This market has shrugged off basically everything thrown at it: unemployment, consumer sentiment, sovereign debt crises in Portugal, Spain, Italy, Ireland and Greece, the list goes on and on. The latest is the concern that the US and other large Western countries like Germany, France, and the UK would lose their gold plated AAA debt rating.
In the most recent Moody’s quarterly “Aaa Sovereign Monitor” report, they cite concerns about “debt affordability” and hint that it is possible for the unthinkable to happen. This of course was picked up by all major media outlets and the echo chamber went into full effect.
I’m sure that a lot of people who want to believe in the bear case will jump on this because it makes a lot of sense. But let me explain why I think this is nonsense and just another brick in the wall of worry.

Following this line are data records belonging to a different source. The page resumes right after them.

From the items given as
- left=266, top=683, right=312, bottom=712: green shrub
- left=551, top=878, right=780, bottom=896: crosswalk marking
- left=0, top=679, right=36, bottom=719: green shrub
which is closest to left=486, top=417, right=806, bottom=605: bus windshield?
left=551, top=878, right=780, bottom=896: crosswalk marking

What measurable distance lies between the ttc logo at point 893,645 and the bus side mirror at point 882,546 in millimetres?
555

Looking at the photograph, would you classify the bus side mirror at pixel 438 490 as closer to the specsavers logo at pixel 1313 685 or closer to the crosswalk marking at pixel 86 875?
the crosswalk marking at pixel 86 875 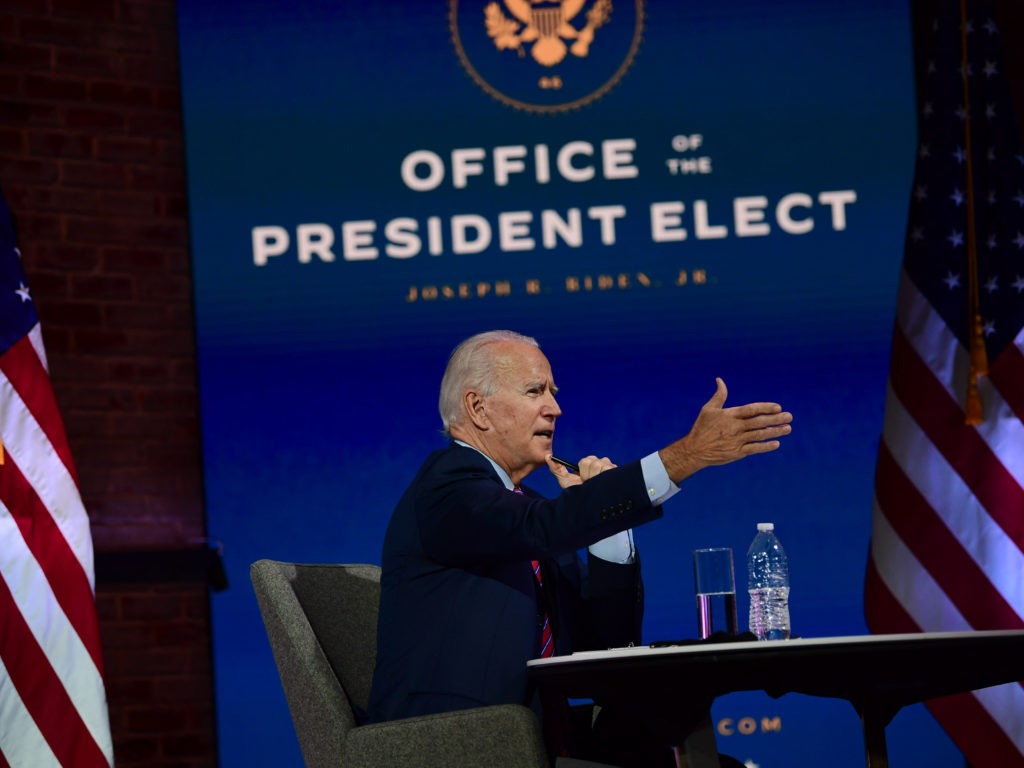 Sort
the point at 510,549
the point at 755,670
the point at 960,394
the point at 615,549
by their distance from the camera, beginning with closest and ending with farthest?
the point at 755,670
the point at 510,549
the point at 615,549
the point at 960,394

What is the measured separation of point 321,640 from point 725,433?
1012 millimetres

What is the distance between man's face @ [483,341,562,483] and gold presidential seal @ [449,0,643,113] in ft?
5.69

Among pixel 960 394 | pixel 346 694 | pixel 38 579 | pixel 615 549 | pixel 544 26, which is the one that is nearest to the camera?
pixel 346 694

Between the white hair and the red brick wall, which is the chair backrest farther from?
the red brick wall

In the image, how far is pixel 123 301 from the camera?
14.1 feet

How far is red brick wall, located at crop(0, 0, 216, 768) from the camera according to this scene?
419 centimetres

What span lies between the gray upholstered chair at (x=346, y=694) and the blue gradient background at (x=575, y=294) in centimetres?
Answer: 124

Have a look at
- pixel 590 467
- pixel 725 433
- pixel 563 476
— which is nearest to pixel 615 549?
pixel 590 467

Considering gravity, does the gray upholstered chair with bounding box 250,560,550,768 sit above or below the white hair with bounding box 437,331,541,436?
below

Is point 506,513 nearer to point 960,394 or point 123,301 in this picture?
point 960,394

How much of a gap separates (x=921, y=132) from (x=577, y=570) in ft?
6.67

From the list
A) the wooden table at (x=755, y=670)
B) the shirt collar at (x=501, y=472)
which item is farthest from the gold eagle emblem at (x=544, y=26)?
the wooden table at (x=755, y=670)

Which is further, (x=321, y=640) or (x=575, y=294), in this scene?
(x=575, y=294)

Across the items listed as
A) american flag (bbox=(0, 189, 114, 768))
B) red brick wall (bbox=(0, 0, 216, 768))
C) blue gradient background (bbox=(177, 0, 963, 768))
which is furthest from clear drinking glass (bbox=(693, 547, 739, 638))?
red brick wall (bbox=(0, 0, 216, 768)) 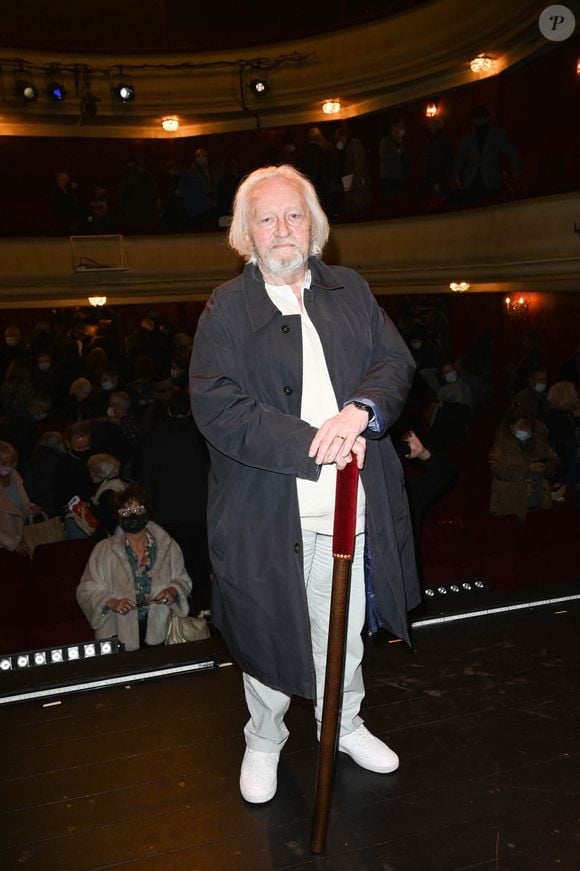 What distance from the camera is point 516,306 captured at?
38.7 feet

First of all, why in the world would anyone listen to Moody’s? or any other rating agency? If anyone had a doubt before the credit crisis, their behavior as the courtesans of the sub-prime fiasco cemented the fact that their opinion has absolutely zero relevance to actual market reality.
Second, if you actually read what Moody’s wrote in their report you realize that the media has exaggerated to a large extent their message. First of all, the title of the report is, “AAA Governments Have the Capacity to Rise to the Challenges They Face”. Beyond that, here are some excerpts:
The ratings of all Aaa governments are currently well positioned despite their stretched finances…
The recovery that has taken hold across the global economy remains fragile in several of the large advanced economies, most of which have also implemented the most aggressively expansionary fiscal and monetary policies.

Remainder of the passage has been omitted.